- Genus: Pyrus
- Species: Pyrus communis
- Cultivar: 'Churchland'
- Origin: New Rochelle, New York, USA

= Churchland pear =

Pear cultivar

The Churchland or Church is a cultivar of the European pear (Pyrus communis), it was developed in New Rochelle, New York in northeastern United States. It is believed to have originated as a seedling raised by one of the early Huguenot settlers of the village in the late 17th century. The original tree stood on land which was owned by the Trinity St. Paul's Church of New Rochelle, hence the naming of the fruit "Church". The fruit was so luscious that it was universally liked and, by grafting, the tree soon had extensive propagation throughout the country. An early account of the tree appeared in the proceedings of the American Pomological Society in 1856.

During its early years, New Rochelle was well known for the propagation of trees and shrubbery. The Huguenot settlers were especially skilled in the development of fruits and flowers. The 'Parsonage' and 'Huntington' pear varieties are also native to the community, as well as the 'Lawton Blackberry', the first widely cultivated blackberry in the country.
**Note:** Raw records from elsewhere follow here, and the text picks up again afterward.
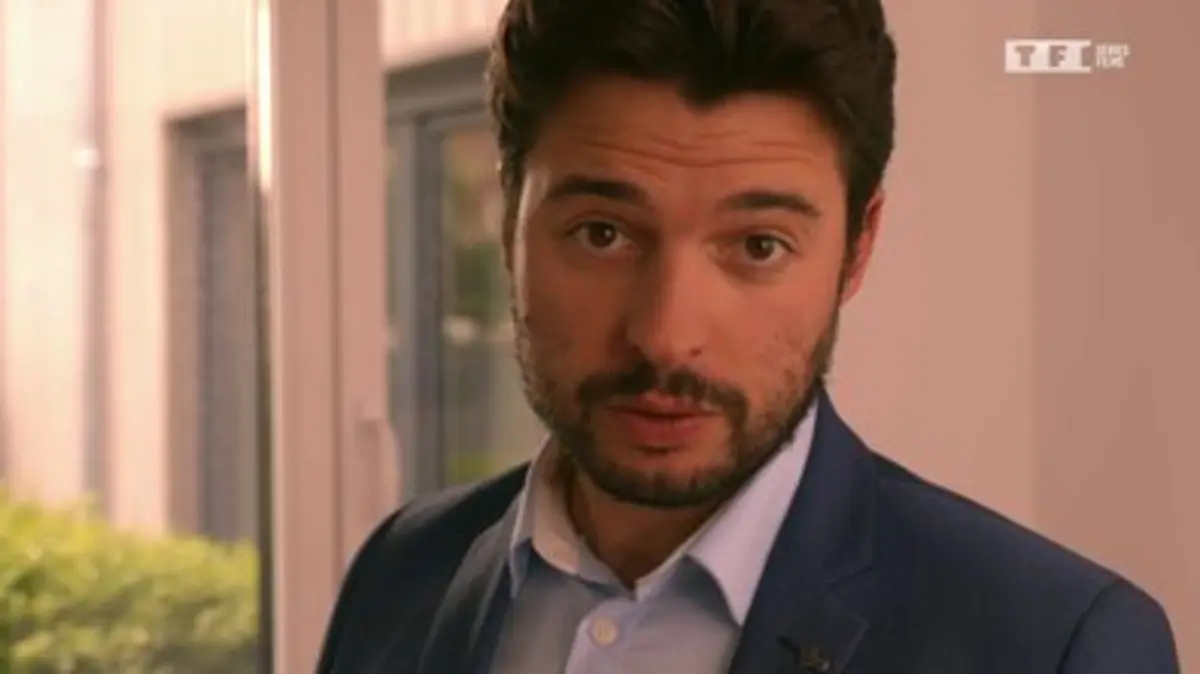 replay de Petits secrets entre amoureux - S01 E14 - L'inconnue du parc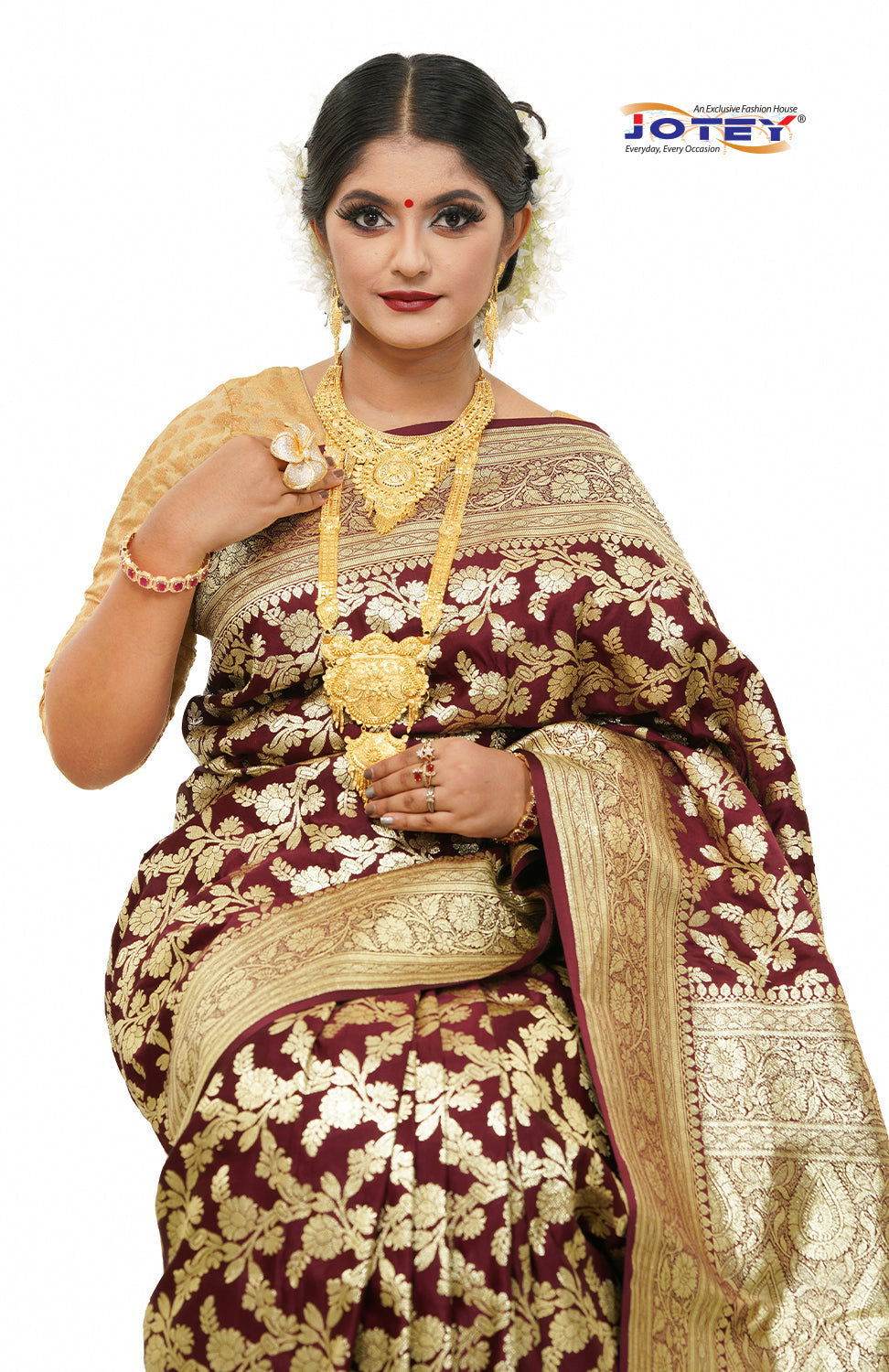 Floral Woven Pure Banarasi Silk Saree in Maroon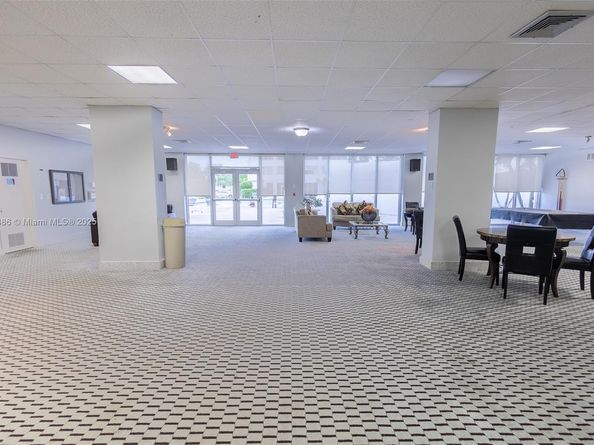 2150 Sans Souci Blvd A1008, North Miami FL 33181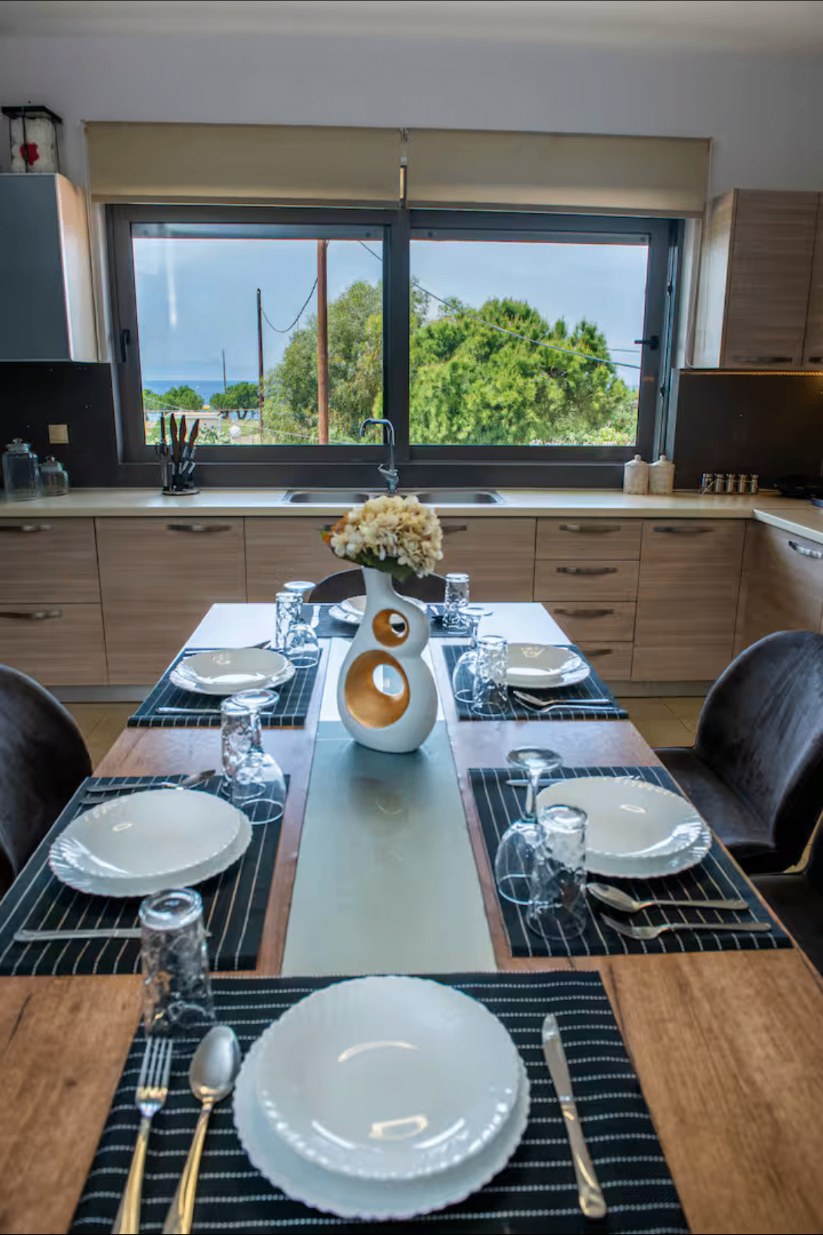 Sea-view kitchen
==Characteristic features==
The 'Church' Pear is of medium size, approximately 2 to 3 inches in length by 2 1/3 inches wide, and is largest in the middle and tapers both ways. The skin is greenish-yellow in color, russet-ed at the base and crown, with occasionally russet markings on other portions of the exterior. The stem is approximately 1 and three eighths inches long and of a cinnamon color. Its flesh is fine in texture and buttery, and it has a mild flavor. It commences ripening about the middle of July, and continues till the end of September.